For the good of the rest of the world, writer’s block should really be a visible affliction. Something like leprosy. See someone with an angry look on their face and huge tumor-like growths all over their bodies? Stay the hell away until they get over it. It sure LOOKS contagious.
Deadline on Friday. Until then, enjoy this filler written at some immemorably happier time.

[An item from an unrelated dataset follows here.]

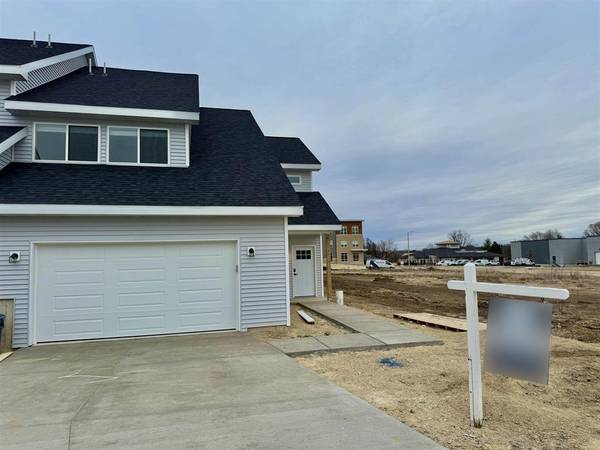 224 N Bergamont Boulevard, Oregon, WI 53575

Everything I ever needed to know I learned from Bugs Bunny. No exaggeration. Well, some. But all most of the important stuff, I learned from Bugs. I mean, he taught me about music! About opera and vaudeville and the daughter or Rosy O’Grady and racial stereotypes and gangsters and boater hats. About comebacks and surrealism and cross-dressing, about fertilizer and delayed reaction times, about how to wait until the perfect minute to deliver the kiss or the punchline or the stick of dynamite. He taught me not to be afraid of the man with the gun, because the man with the gun is an idiot. He taught me not to fear the noseless Martian with the disintegration ray pointed directly at earth, not the homicidal cowboy nor the mad scientist, not even the gremlin or the Nazi. If Bugs could handle all those threats with style and come out fresh and ready to curl up with a carrot brandy and a copy of A Tree Grows in Brooklyn, I learned I could handle pretty much anything this life could throw at me, if only I could be as cool as Bugs. It’s just that no one is as cool as Bugs. He’s better than Fonzi, you know?
I only got one chance to try out my Bugsian cool – seventeen years ago now, when I was eight and my brother Matt was ten. I’d spent all Saturday building a fort in the backyard, so when Matt did the brotherly thing and kicked me out, I wasn’t going to let it stand.

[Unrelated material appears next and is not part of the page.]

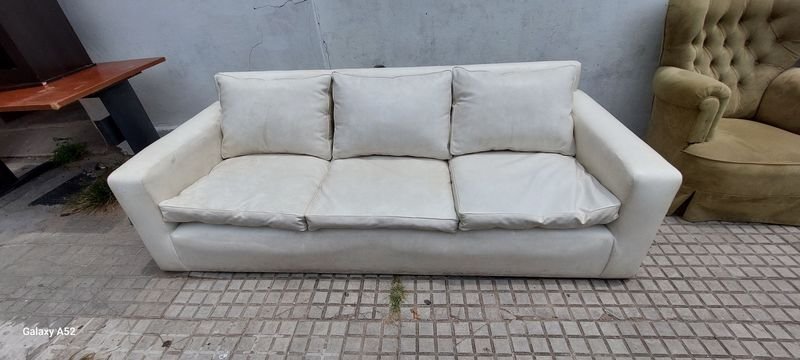 Lote siguiente: Sofá de tres cuerpos blanco
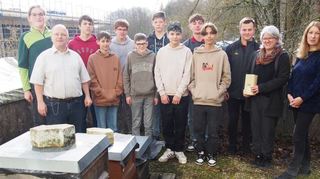 Pan-Dur spendete eine Kamera, mit der die Schüler das Leben in und an den Bienenstöcken dokumentieren können.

“Of course you know,” I told him, “this means war.” He threw his shoe at me.
Mom said we didn’t have any dynamite, so that was out, but there was a can of Reddy Whip in the kitchen. We didn’t have a pie tin either, so I sprayed the stuff in the shoe Matt had thrown at me, topped it with a maraschino cherry, and ran toward the backyard to throw it at him before it all melted out the hole in the bottom. I had a hand on the sliding door when mom caught me, disarmed me, and sent me to my room for half an hour, so she’d at least know that “the situation was contained.” The dynamite question must have tipped her off. Bugs didn’t have a mom, of course, which made things easier for him.
It was an hour until dinnertime when mom released me, and Matt would surely demolish the fort when called in to eat – while I learned everything from Bugs, my brother modeled his tactics on General Sherman himself. The situation was desperate. So I snuck into mom’s closet to construct the ultimate weapon. At five twenty, I set off to face the enemy. He was reading X-Men.
“Yoohoo! Big boy!” I purred in my breathiest coo. Matt looked over his shoulder, carelessly. Then again, quickly – the perfect doubletake! I knew I was on to something.
“What, I…I mean…Jake? Jake, what the HELL are you doing?”
“Come over here and you’ll find out.” I blinked seductively, half expecting my eyelashes to plink. They were mascara-ed so heavily I could hardly keep them from sticking together. My lids were a heavy pink, my lips were ‘Glistening Plum,’ and I’d found the dress, which was red, shoved in a cardboard box way in the back of mom’s closet. The bra kept riding up because I had no breasts to keep it in place. I hadn’t been able to find a wig; instead, a dishtowel hung off my head, held on by a giant rubber band – sort of a crossdressing Lawrence of Arabia look. Matt came out of the fort slowly, staring. His mouth was hanging open in something acceptably like a love-struck Elmer.
“Jake, seriously dude, we’ve got to get you inside before someone sees you. Or mom.”
He had a point, but by then I was caught up in the act to care. I giggled shrilly. “I think you’re funny, big boy. Come’re!” Propelled by comic energy I never knew I had, I grabbed his neck, threw myself forward, and kissed him. On the lips. Hard.
When I pulled away, Matt looked slightly dazed. A big, round ‘O’ of glistening plum was printed on his mouth. Everything was going according to plan. Then – giddily, slowly, anticipatory – I pulled out the baseball bat I’d stuck down the front of my dress. I raised it slowly…
It was then that Matt hit me. When I started crying, he picked up his X-Men and walked into the house without a word. The fort was mine. I no longer cared.
It took the entire half hour before dinner to clean up my disguise. If mom noticed the mascara smudged under my eyes that night, she chose to say nothing. Matt and I still don’t talk about what happened that day. I’m just no Bugs Bunny. Few people are. What can I say?
Da-dat, da-dat, da-da-Dat’s all, folks!
Ok, I love this story. You should publish it somewhere. Well, I guess you published it here. But somewhere additional…
Hope things are flowing better today. And I still think Shoe Suede Blues is a great band name.